TASK DESCRIPTION =>
Could you copy every record below exactly, leaving out the pictures?

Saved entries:
□ □ □ □ □ □ □

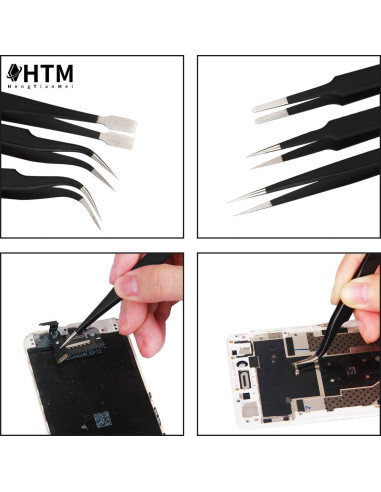 Juego de Pinzas de Precisión HengTianMei 14 Piezas Acero Inoxidable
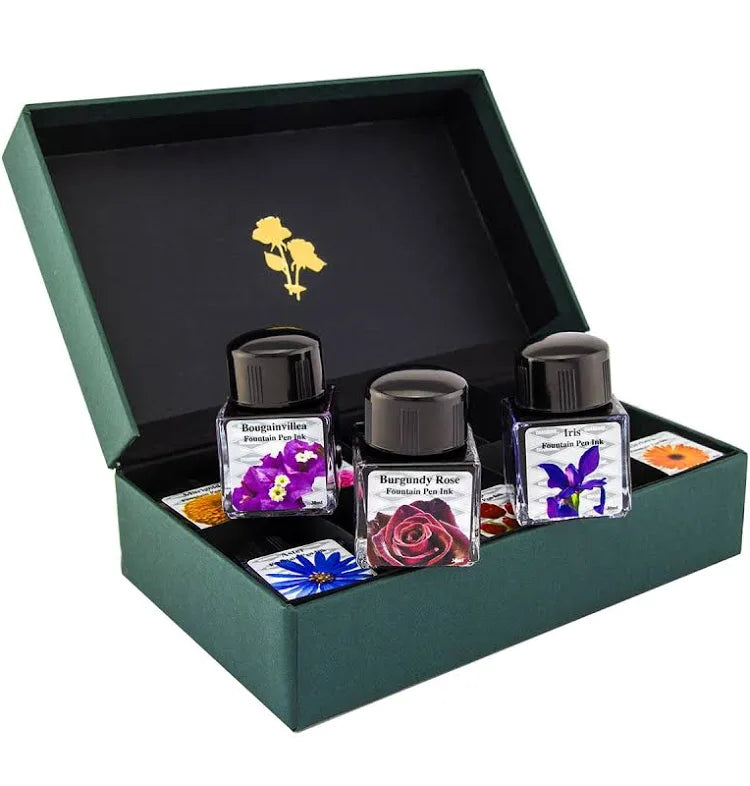 DIAMINE |FLOWERS COLLECTION |10 x 30ml FOUNTAIN PEN INK BOTTLE SET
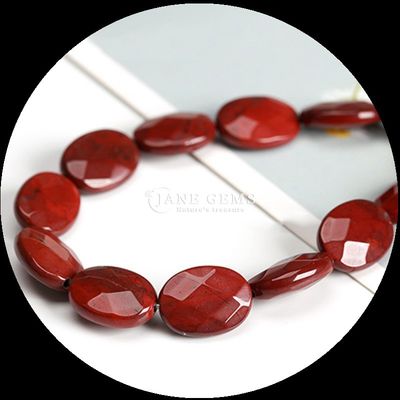 Stile Agata indiana Giaspero rosso Pietra a sfondo di perle a sfondo di forma ovale Perla di gemma
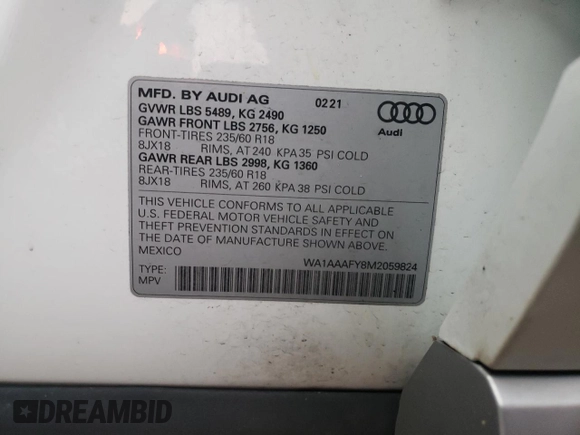 2021 Audi Q5 Premium with VIN WA1AAAFY8M2059824, listed as a Copart auction lot 72962562 with 15,475 mi miles. Bid and sale history available at carsss.com. Image 13.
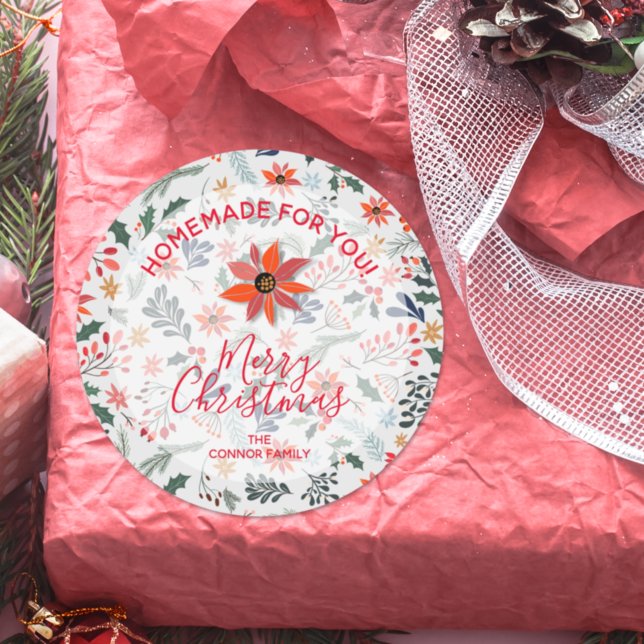 Floral Christmas Homemade For You Holiday Baking Classic Round Sticker (Creator Uploaded)
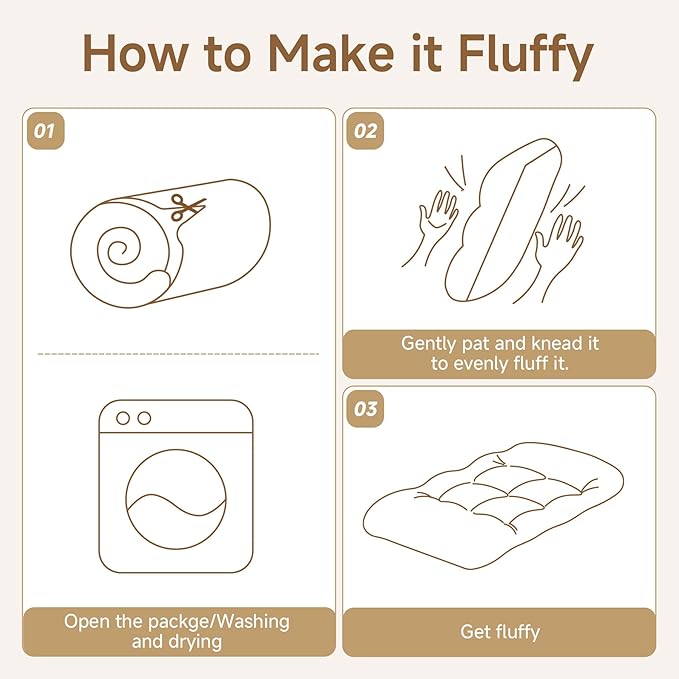 Washable Dog Bed Mat Soft Dog Crate Pad Fluffy Pet Kennel Beds Sleeping Mattress with Non-Slip Bottom for Large Jumbo Medium Small Dogs, 41 x 27 Inch, Black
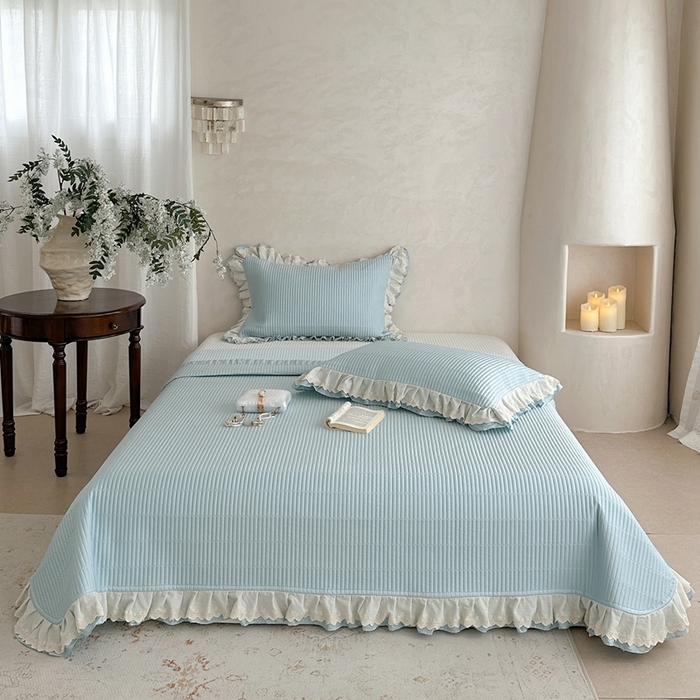 91家纺网 家纺一手货源 找家纺 琳可家居 2025新款轻法系列双层花边100%莱赛尔纤维床盖三件套可搭配同款被套（提供买家秀） 晴空蓝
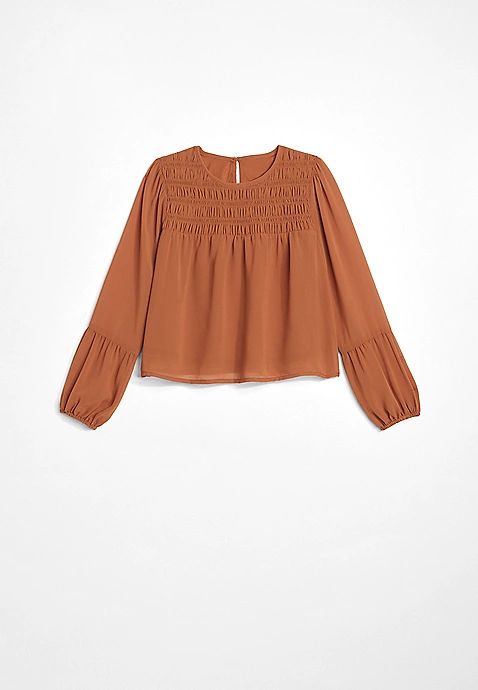 Girls Solid Smocked Peasant Sleeve Blouse | Maurices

□ □ □ □ □ □ □

EXERCISE OUTPUT =>
 Juego de Pinzas de Precisión HengTianMei 14 Piezas Acero Inoxidable
 DIAMINE |FLOWERS COLLECTION |10 x 30ml FOUNTAIN PEN INK BOTTLE SET
 Stile Agata indiana Giaspero rosso Pietra a sfondo di perle a sfondo di forma ovale Perla di gemma
 2021 Audi Q5 Premium with VIN WA1AAAFY8M2059824, listed as a Copart auction lot 72962562 with 15,475 mi miles. Bid and sale history available at carsss.com. Image 13.
 Floral Christmas Homemade For You Holiday Baking Classic Round Sticker (Creator Uploaded)
 Washable Dog Bed Mat Soft Dog Crate Pad Fluffy Pet Kennel Beds Sleeping Mattress with Non-Slip Bottom for Large Jumbo Medium Small Dogs, 41 x 27 Inch, Black
 91家纺网 家纺一手货源 找家纺 琳可家居 2025新款轻法系列双层花边100%莱赛尔纤维床盖三件套可搭配同款被套（提供买家秀） 晴空蓝
 Girls Solid Smocked Peasant Sleeve Blouse | Maurices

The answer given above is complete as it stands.